Dominic/Ash is transgender.
On the first page of the first issue, Dominic notes that Solomon’s mum is “the only person outside my family to use my first name.” When the group reunites 25 years later, Isabelle pulls Dominic aside, calling him “Ash” before correcting herself. She then apologizes for her unspecified past behavior, saying she wasn’t “as the students would put it, ‘woke.’” Dominic is also the only CrossPlayer in the party, his Dictator character being female. He could be genderfluid, but Isabelle correcting herself on his name comes across as her accidentally using his deadname and trying to atone for it.- My reading of the above details is that Ash is bi (he mentions “straight and mostly straight boys” when talking about Maria Wardell). I assumed that Isabelle was apologizing for the “Gaylord of the Assrings” comment, which is itself another possible hint at his bi identity. And the inconsistent use of names seemed to me a way for Ash to distance himself from his in-game identity. Prior to the game, he went by Ash, the name he used as The Dictator in-game. After coming out, he goes by Dominic as an adult, a way to remove the reminder of his fantasy identity. Once back in the game, the party slips back into using “Ash”. Also being a cross player tends to be common among boys who like boys (of which I am one). Just offering my own reading, not discrediting the trans reading, as that is super interesting!
- I read Ash as genderfluid, but whatever Ash’s identity, I think the comic is unambiguous about Ash being bi. Ash is married to a woman in the real world; a flashback shows Ash having a romantic encounter with a male knight as a teenager, had a child with another man in the game and was in love with Sol.

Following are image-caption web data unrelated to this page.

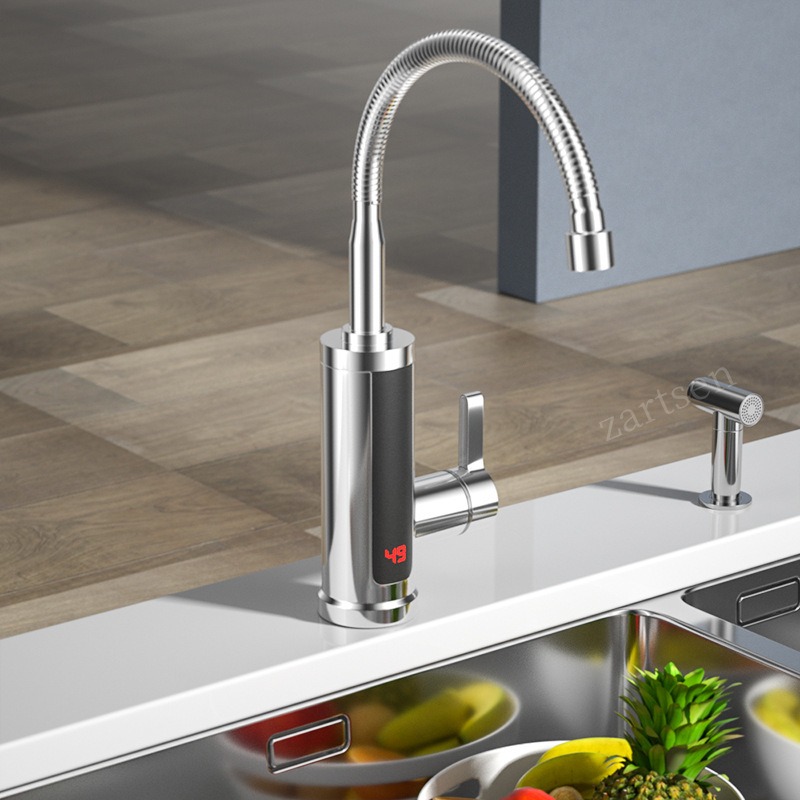 キッチン蛇口電気タップキッチンタップ瞬間湯沸かし器加熱可能  - Kitchen Appliances And Utensils のレビューと価格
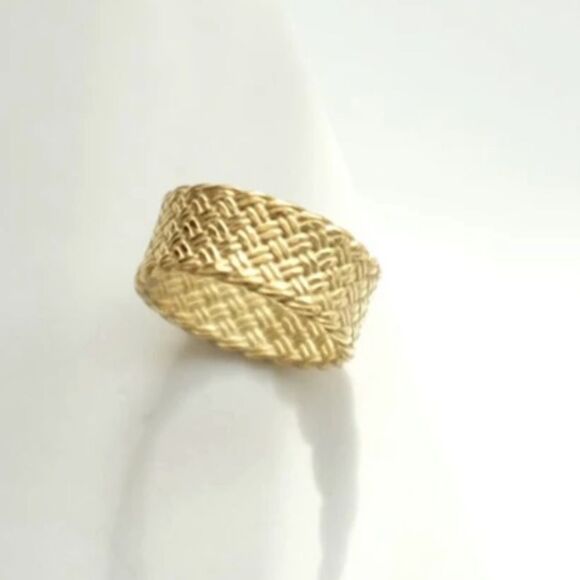 COPY - #34 18k Gold Plated Band Ring - Picture 4 of 5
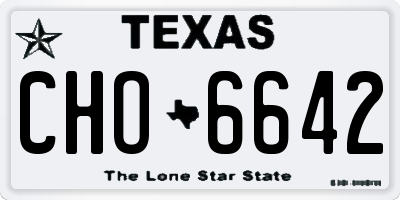 TX license plate CHO6642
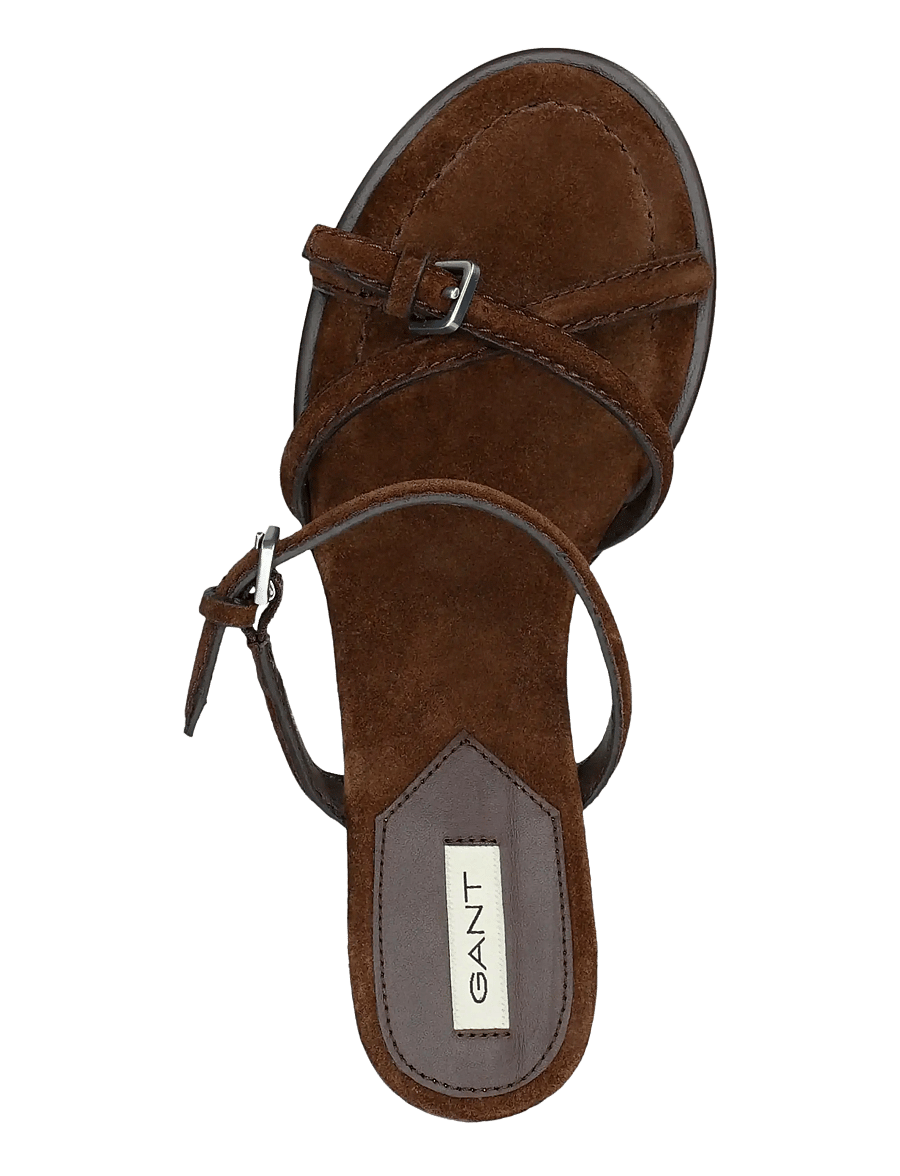 Gant - Talzy Sandal - heeled sandals - dark brown - 1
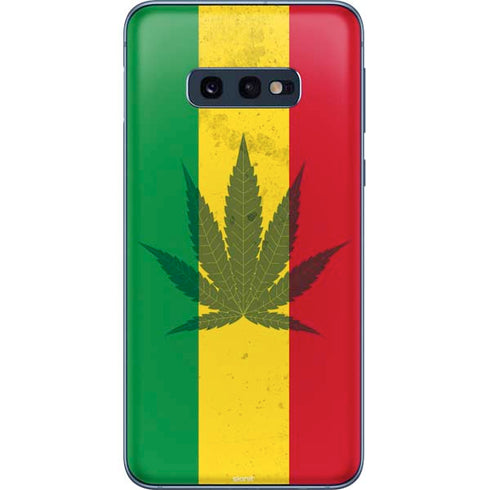 Marijuana Rasta Flag Galaxy S10e Skin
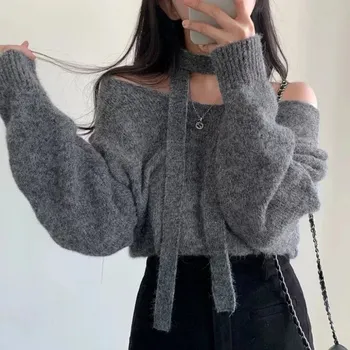 Dámský svetr Dámský svetr BF030 Barva: Šedá, Velikost: M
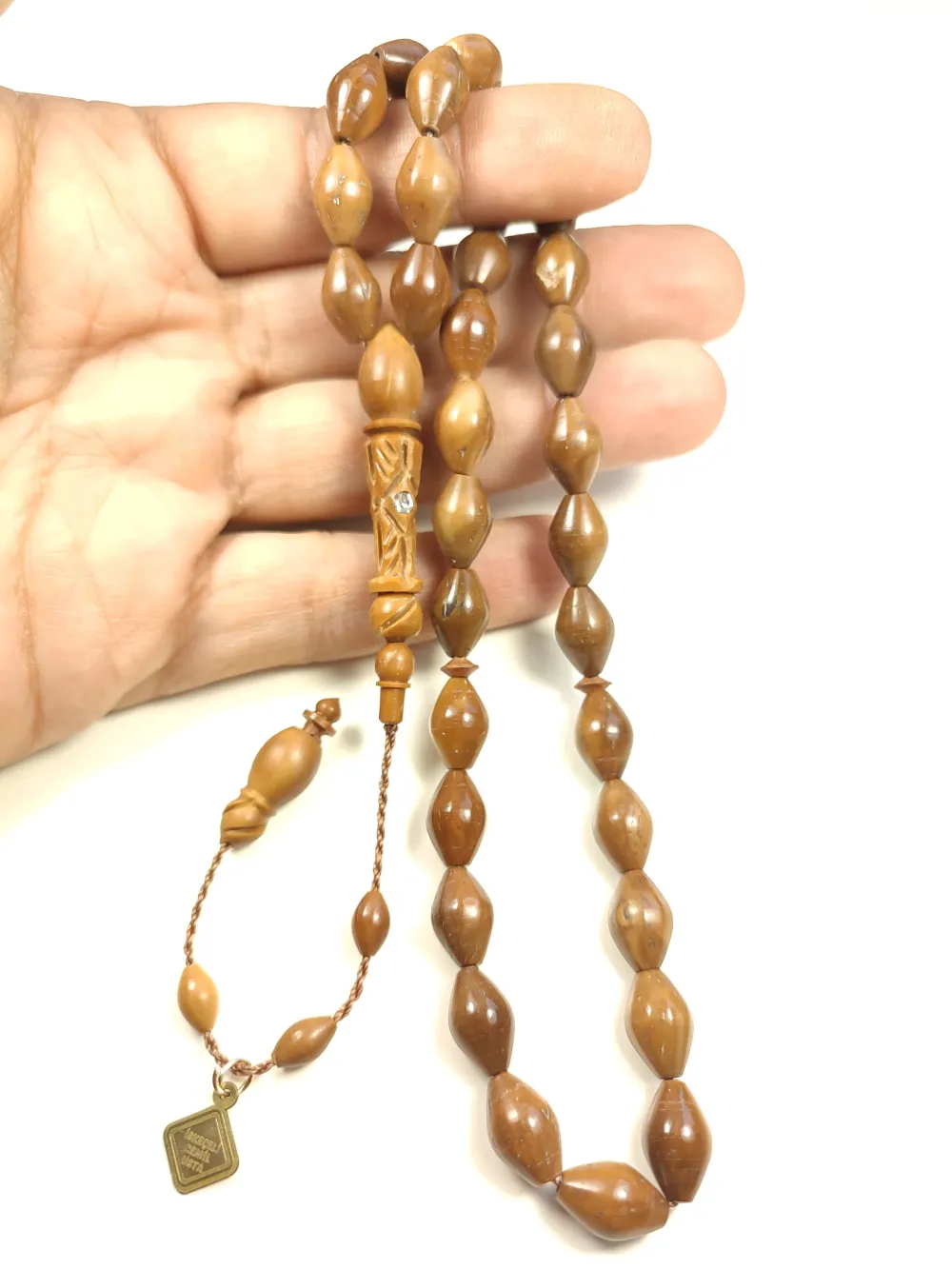 İskeçeli̇ Cemi̇l Usta İmzalı Swarovski̇ Taşlı Ham Kuka küçük resim 4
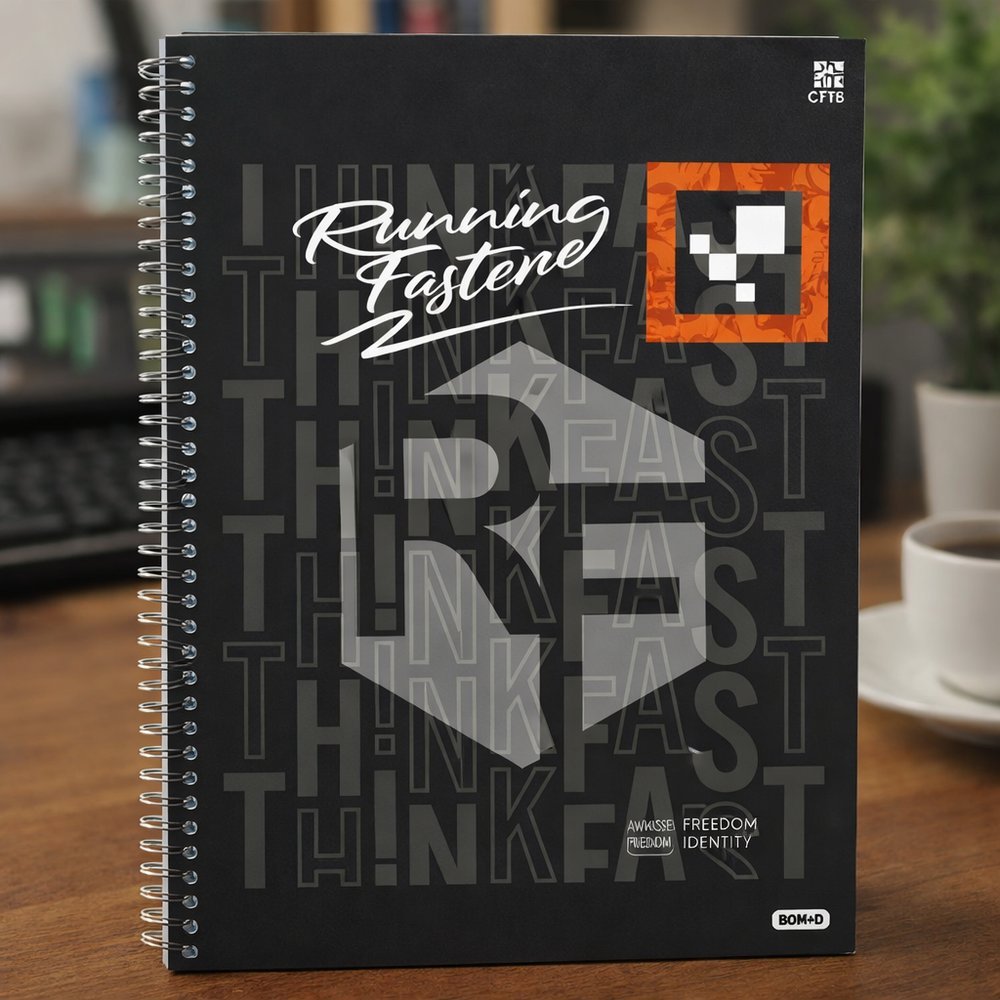 Caderno Universitario Masculino Capa Dura 160 Folhas 10 Disciplinas Qualidade Premium
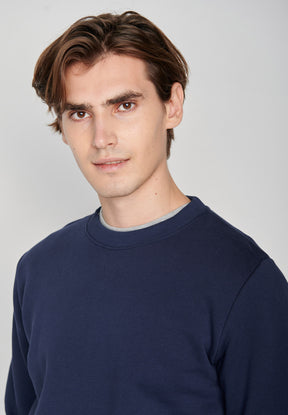 Blau:  Gemütliches Sweatshirt aus Bio-Baumwolle für Herren [86]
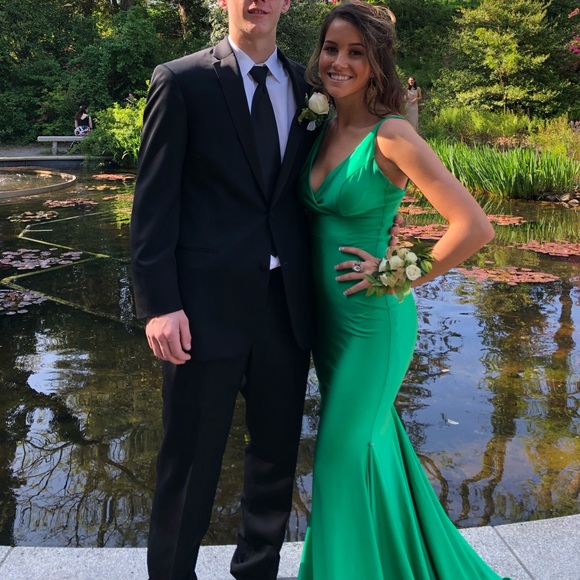 Green Prom Dress - Picture 2 of 4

- Re: "I assumed that Isabelle was apologizing for the “Gaylord of the Assrings” comment" — later issues make it clear that Isabelle and Ash have a lot of jealousy and conflict both from both being in love with Sol (as girlfriend and best friend respectively) and from both being manipulative in similar ways, especially in the game, but that what Isabelle is specifically apologizing for is a particular incident where Zamnorna, ruler of Angria, is courting Isabelle but seduces/is seduced by Ash behind her back. Subsequently we see Isabelle and Ash being restrained by party members to stop them fighting, and it's implied that Isabelle used homophobic and other prejudiced terms to insult Ash.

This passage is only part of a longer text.